Election fever in Malaysia's Sarawak State
2016.05.02
Kuching
Updated at 11:30 a.m. ET on 2016-05-03
Located on the northwest coast of Borneo island, the heavily forested Malaysian state of Sarawak faces elections this week that were called amid a huge financial scandal implicating Prime Minister Najib Razak.
Resource-rich Sarawak is a bastion of Najib’s ruling National Front coalition which is expected to coast to victory in the polls in which the state’s 1.3 million registered voters are expected to cast their ballots on May 7.
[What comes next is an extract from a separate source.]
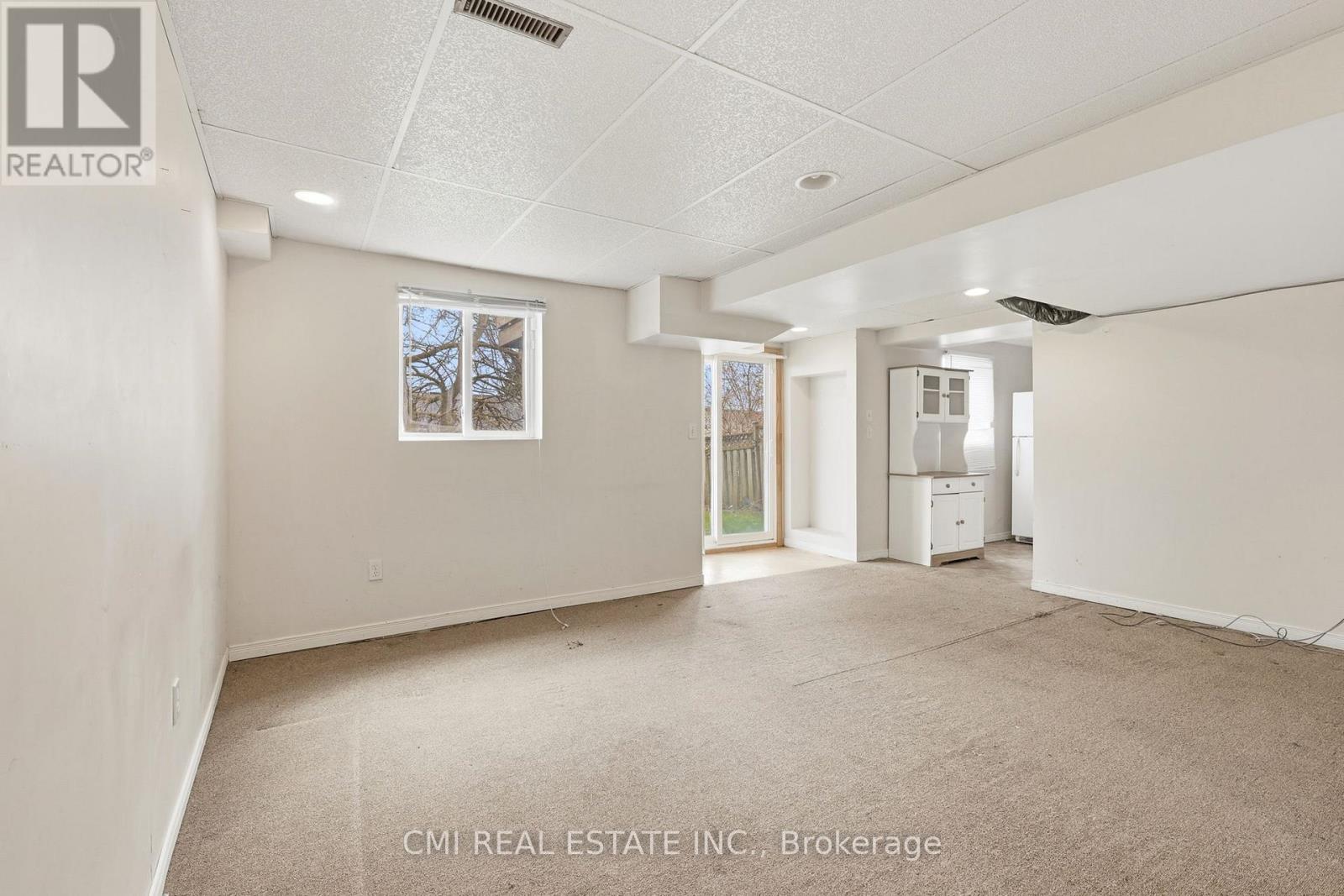 2275 Chapman Court Property Photo 33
Although a top producer of oil and timber, Sarawak hosts some of Malaysia's poorest people, especially tribal communities in the rural areas separated from the rest of the state by rugged terrain and rivers.
Despite the 1MDB financial scandal centering around the state-owned investment fund 1Malaysia Development Berhad linking Najib, ruling coalition parties are widely expected to win most of the seats.
The Barisan Nasional coalition has controlled state politics for 53 years. It has promised grand infrastructure projects in Sarawak’s interior, such as a 1,089-km (676-mile) Pan Borneo Highway, slated to be finished by 2023 and which would serve as a transportation backbone connecting Sarawak to neighboring Sabah state.
Eighty seats in the assembly are up for grabs, with the National Front running unopposed in two additional seats.